Records excerpted from a collection:
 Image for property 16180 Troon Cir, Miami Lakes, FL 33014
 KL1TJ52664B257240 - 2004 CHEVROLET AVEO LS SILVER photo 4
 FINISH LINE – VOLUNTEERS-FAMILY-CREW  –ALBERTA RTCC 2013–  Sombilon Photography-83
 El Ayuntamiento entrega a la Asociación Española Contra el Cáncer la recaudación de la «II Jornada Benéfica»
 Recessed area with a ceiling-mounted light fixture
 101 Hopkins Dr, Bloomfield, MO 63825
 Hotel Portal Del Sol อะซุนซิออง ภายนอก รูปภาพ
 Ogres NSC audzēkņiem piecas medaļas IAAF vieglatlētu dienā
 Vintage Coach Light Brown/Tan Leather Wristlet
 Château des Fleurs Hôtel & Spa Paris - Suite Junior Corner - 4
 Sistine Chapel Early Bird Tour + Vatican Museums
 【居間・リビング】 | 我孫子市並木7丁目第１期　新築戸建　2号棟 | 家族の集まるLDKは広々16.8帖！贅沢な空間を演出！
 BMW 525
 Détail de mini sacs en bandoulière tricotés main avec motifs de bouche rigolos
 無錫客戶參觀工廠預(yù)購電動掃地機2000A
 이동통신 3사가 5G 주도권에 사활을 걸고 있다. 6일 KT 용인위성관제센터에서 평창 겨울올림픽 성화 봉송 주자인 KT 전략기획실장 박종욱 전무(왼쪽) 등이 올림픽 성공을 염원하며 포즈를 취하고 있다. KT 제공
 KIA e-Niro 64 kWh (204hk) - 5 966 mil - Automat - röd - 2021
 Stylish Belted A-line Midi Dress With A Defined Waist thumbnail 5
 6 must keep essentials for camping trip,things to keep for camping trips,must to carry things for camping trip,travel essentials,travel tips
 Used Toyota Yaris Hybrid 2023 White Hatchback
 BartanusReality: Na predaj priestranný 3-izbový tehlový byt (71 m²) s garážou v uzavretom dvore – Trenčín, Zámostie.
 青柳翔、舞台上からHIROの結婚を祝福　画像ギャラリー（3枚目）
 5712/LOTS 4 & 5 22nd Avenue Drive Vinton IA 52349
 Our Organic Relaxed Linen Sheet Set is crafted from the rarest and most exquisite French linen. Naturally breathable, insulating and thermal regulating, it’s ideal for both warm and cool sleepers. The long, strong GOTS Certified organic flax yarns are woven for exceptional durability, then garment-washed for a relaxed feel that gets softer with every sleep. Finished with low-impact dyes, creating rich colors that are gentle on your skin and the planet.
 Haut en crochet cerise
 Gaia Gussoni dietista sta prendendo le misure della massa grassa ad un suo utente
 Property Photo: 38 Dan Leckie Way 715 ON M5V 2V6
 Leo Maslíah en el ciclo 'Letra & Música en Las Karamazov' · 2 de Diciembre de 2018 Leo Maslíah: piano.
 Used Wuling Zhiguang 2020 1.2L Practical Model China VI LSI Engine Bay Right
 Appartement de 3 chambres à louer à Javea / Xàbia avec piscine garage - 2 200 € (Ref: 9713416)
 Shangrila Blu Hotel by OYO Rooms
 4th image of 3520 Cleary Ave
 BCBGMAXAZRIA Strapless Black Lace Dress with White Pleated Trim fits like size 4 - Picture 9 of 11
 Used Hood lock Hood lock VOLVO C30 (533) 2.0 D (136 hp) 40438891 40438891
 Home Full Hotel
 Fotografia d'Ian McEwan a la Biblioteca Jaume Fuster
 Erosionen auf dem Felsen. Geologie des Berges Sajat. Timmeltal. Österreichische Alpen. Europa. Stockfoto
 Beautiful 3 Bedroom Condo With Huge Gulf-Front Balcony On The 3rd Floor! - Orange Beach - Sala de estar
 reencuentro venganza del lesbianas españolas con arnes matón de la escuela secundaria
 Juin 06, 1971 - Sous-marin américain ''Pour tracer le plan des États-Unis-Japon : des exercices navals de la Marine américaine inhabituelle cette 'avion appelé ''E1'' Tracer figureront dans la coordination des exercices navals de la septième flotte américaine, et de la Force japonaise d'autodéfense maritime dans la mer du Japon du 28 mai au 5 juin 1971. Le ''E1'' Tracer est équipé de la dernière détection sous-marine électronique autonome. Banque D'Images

EXERCISE PROMPT: Every line above from the line with "4th image of 3520 Cleary Ave" to the line with "Fotografia d'Ian McEwan" is wanted, ends included; write them out exactly and add no other line.

ANSWER BELOW:
 4th image of 3520 Cleary Ave
 BCBGMAXAZRIA Strapless Black Lace Dress with White Pleated Trim fits like size 4 - Picture 9 of 11
 Used Hood lock Hood lock VOLVO C30 (533) 2.0 D (136 hp) 40438891 40438891
 Home Full Hotel
 Fotografia d'Ian McEwan a la Biblioteca Jaume Fuster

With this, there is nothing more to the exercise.